Query benchmarking a MongoDB instance within an IPython notebook.¶

In this notebook, I will demonstrate rudamentry benchmarking of a MongoDB populated with mock citation data. Please, feel free to make comments or contact me if you have any recommendations!

First we need to import string for access to ascii characters, random for helping automate things, and pprint for looking at complex dictionary objects.¶

In [1]:

import string
import random
import pprint

Next, we need to create generator functions for creating strings, full names, titles, and journals.
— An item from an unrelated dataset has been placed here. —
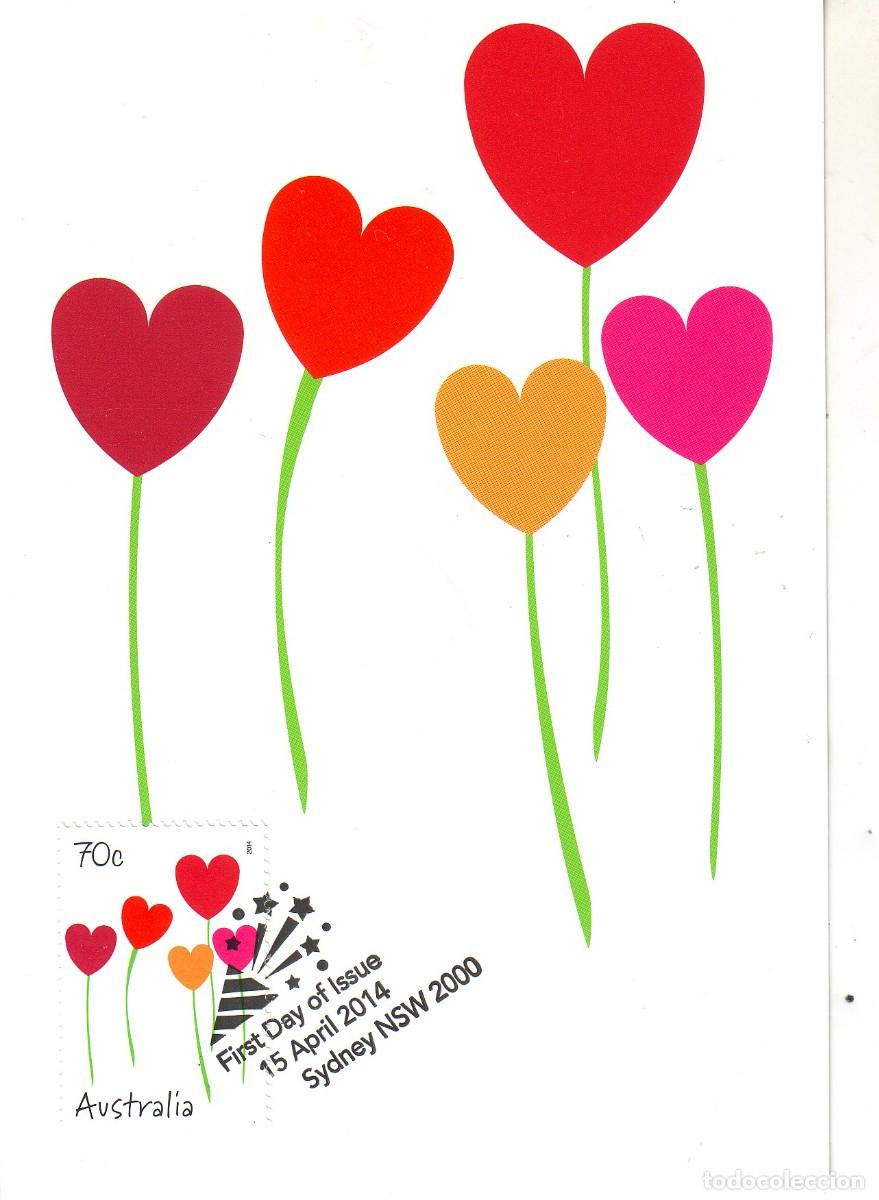Sellos: TARJETA DE AUSTRALIA GLOBOS DE CORAZONES - Foto 1
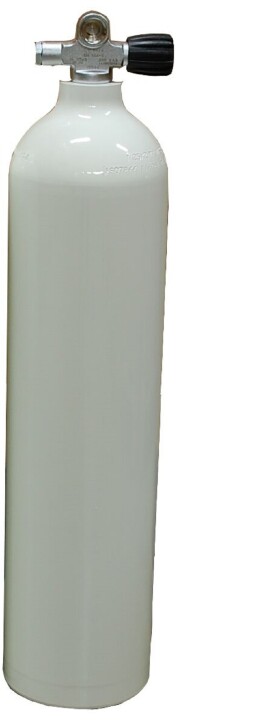 Stage Aluminium Sidemount Tauchflasche, Ventil Rechts, 5,7L 40cft Weiß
This information will be used to populate our fake articles.¶

In [2]:

def generate_string(min_size=3, max_size=10):
    """generates a string of random upper/lower case letters default length between 3 and 10 chars"""
    return ''.join(random.choice(string.ascii_uppercase + string.ascii_lowercase) 
                       for x in range(random.randint(min_size, max_size)))

In [3]:

def generate_fullname():
    """generates a dict representing a name consisting of a given and family name"""
    return {"given": generate_string() + ' ' + random.choice(string.ascii_uppercase),
            "family": generate_string()
            }

In [4]:

def generate_title_or_journal(words=None):
    """generates a title or journal based on random words and ending with punctuation"""
    if words is None:
        num_of_words = random.randint(5, 12)
    return ' '.join(generate_string() for x in range(num_of_words)) + random.choice(['.', '!', '?'])
    
        

Now, lets get an idea of what kind of output we can expect our random generators to produce.¶

In [5]:

generate_string()

Out[5]:

'ExnxxO'

In [6]:

generate_title_or_journal()

Out[6]:

'nXLTmxx ewknz mPTkwwVY QCCX wIFyVbo uUbfPnqtD kkVsVVXD iSPiyBHgn!'

In [7]:

generate_fullname()

Out[7]:

{'family': 'ewsiTpt', 'given': 'TLefUicJ M'}

To limit the universe, lets create an author pool with 500 authors and 100 journals for our articles.¶

In [8]:

# populate a list with 500 fake authors
author_pool = []
for x in range(500):
    author_pool.append(generate_fullname())

In [9]:

# populate a list with 100 fake journals
journal_pool = []
for x in range(100):
    journal_pool.append(generate_title_or_journal())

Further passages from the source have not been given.